"Was it the whole class?" persisted Zee.
"Why are you asking so many questions? What difference does it make to you who went? Whatever made you think of the Sunday-school class anyhow?"
"We met little Nora Gordon on the street to-day, and she asked if you went nutting, and who went along, and I said Mabel and Frances and Gloria and Annabelle and Sara and the college boys. And she said, 'Then it was their Sunday-school class, and they didn't invite my sister and she feels awful.'"
"Oh, mercy," said Rosalie, "we tried to keep it from her—that is, we didn't suppose she would find out—anyhow, it was a college crowd, and Alicia Gordon does not go to college."
"Did all the rest of the class go except Alicia?" asked Doris.
"Well, yes, it isn't a very big class, you know, and we all go to college, except Alicia. She works. But is was a regular college crowd—and the boys don't like Alicia, she never has a date with anybody.
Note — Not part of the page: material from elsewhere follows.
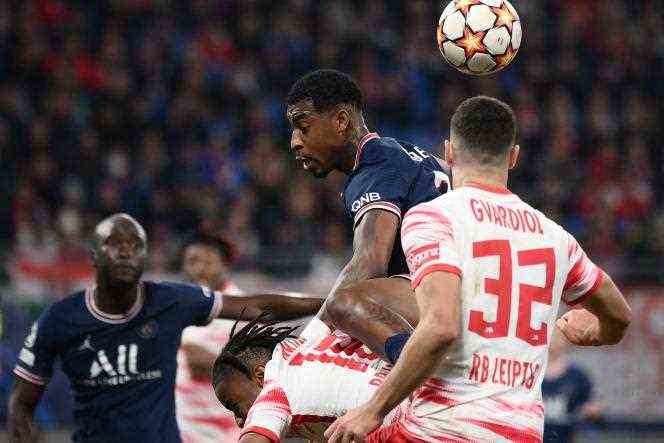 PSG defender Presnel Kimpembe fouls Christopher Nkunku leading the penalty for RB Leipzig on Matchday 4 of the Champions League on November 3, 2021 at the Red Bull Arena in Leipzig.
She is kind of poky."
"You knew it would hurt her feelings if she found it out, didn't you?"
"Well, perhaps, but we didn't intend she should find it out. I wonder who told her? It was a nasty little trick, and if you did it, Miss Zee—"
"I didn't. What did I know about your old picnic? And when I saw how Nora felt, I told her over and over it was a college affair, didn't I, Treasure?"